Try it
Begin at the line that holds "Quick-thinking from the" and copy each line exactly until the data below ends, including that last line but no pictures.

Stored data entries
++++++++++
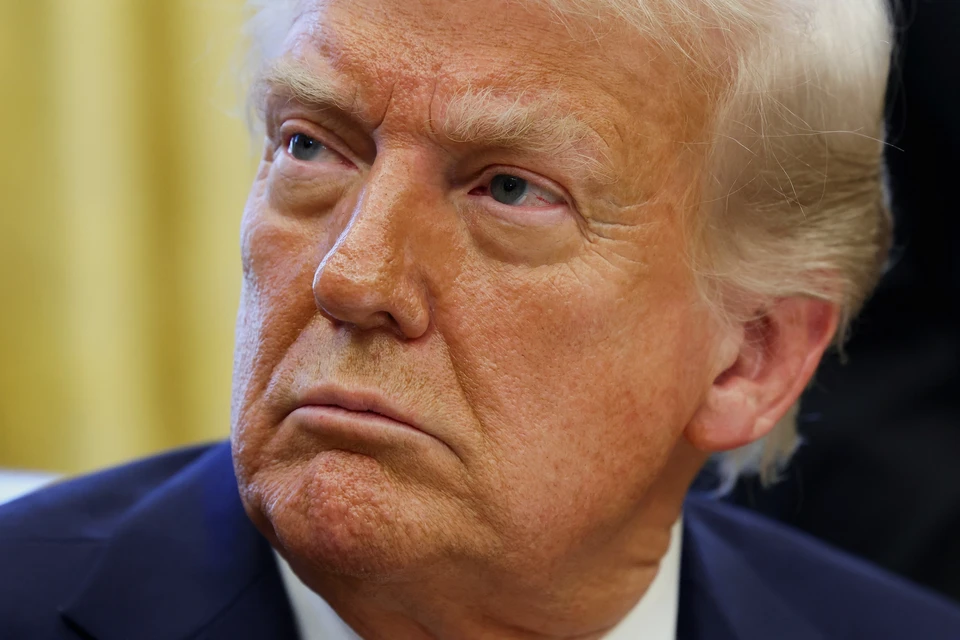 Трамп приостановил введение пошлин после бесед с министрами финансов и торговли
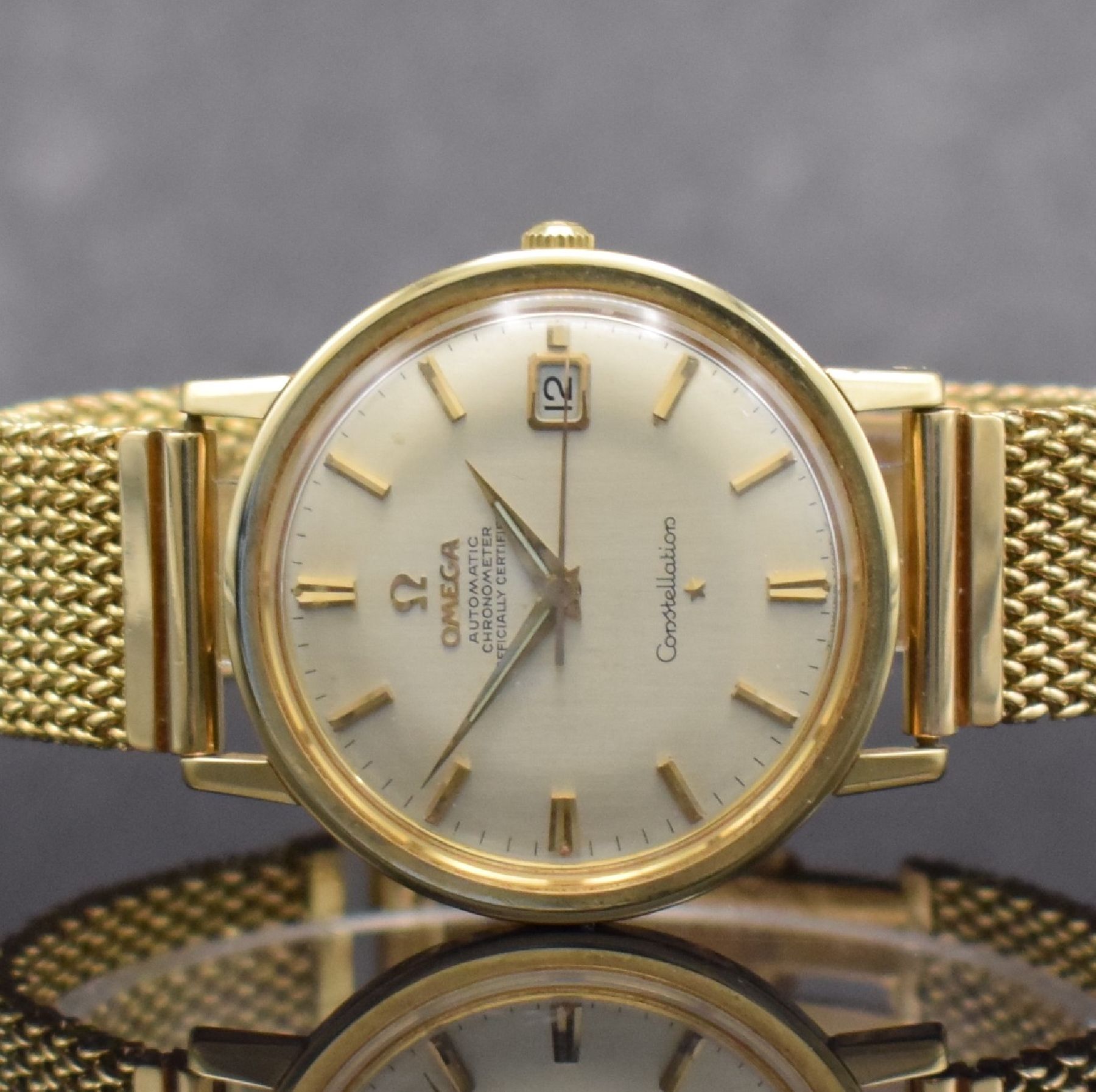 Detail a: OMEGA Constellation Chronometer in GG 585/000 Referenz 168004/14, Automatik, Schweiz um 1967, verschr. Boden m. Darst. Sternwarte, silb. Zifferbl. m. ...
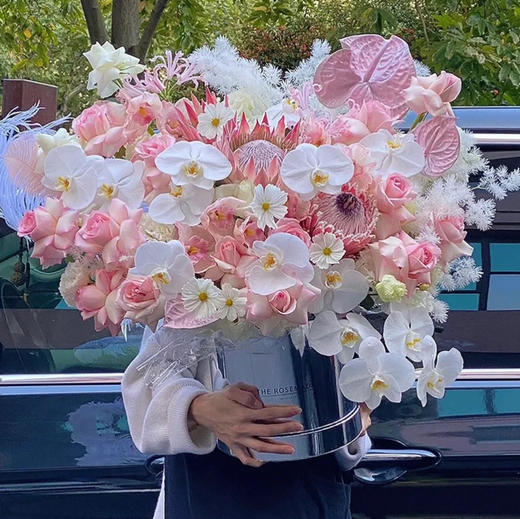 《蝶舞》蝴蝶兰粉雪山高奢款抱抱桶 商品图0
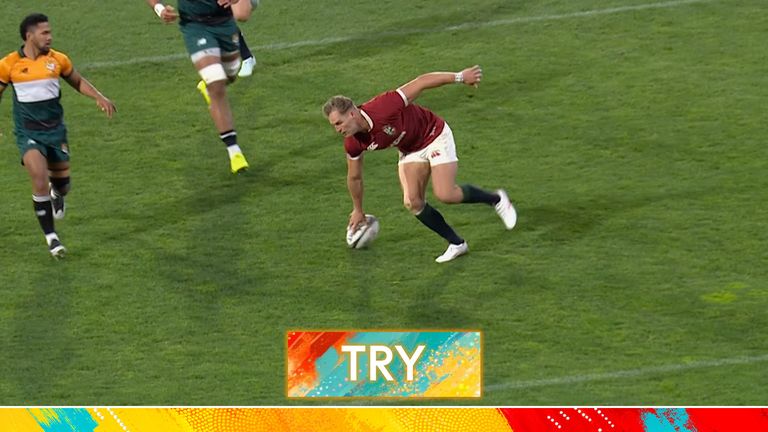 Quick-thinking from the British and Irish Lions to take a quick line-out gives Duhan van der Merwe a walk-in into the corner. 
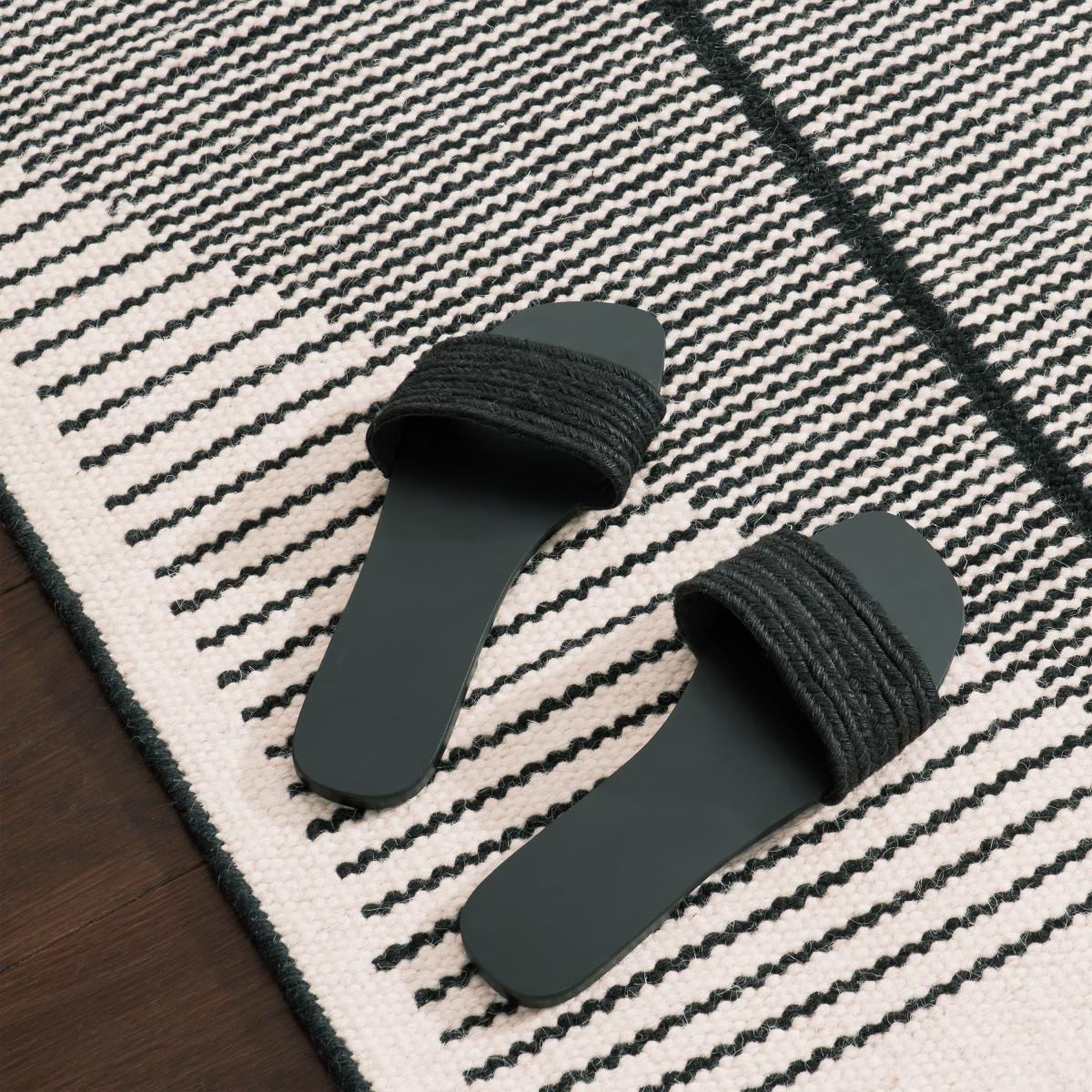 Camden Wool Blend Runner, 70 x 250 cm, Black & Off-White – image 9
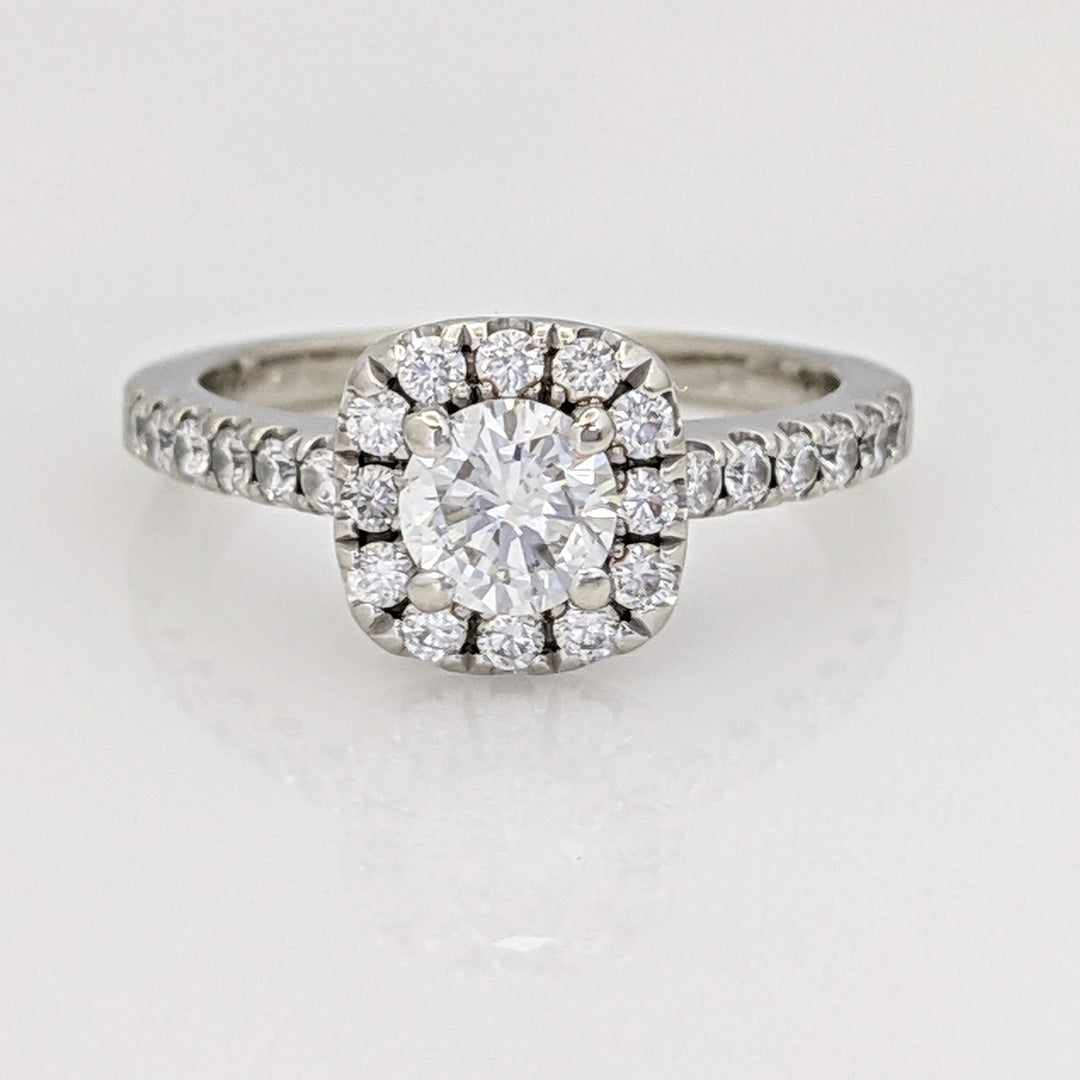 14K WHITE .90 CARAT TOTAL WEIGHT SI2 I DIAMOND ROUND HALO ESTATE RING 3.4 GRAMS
++++++++++
Completed exercise
 Quick-thinking from the British and Irish Lions to take a quick line-out gives Duhan van der Merwe a walk-in into the corner. 
 Camden Wool Blend Runner, 70 x 250 cm, Black & Off-White – image 9
 14K WHITE .90 CARAT TOTAL WEIGHT SI2 I DIAMOND ROUND HALO ESTATE RING 3.4 GRAMS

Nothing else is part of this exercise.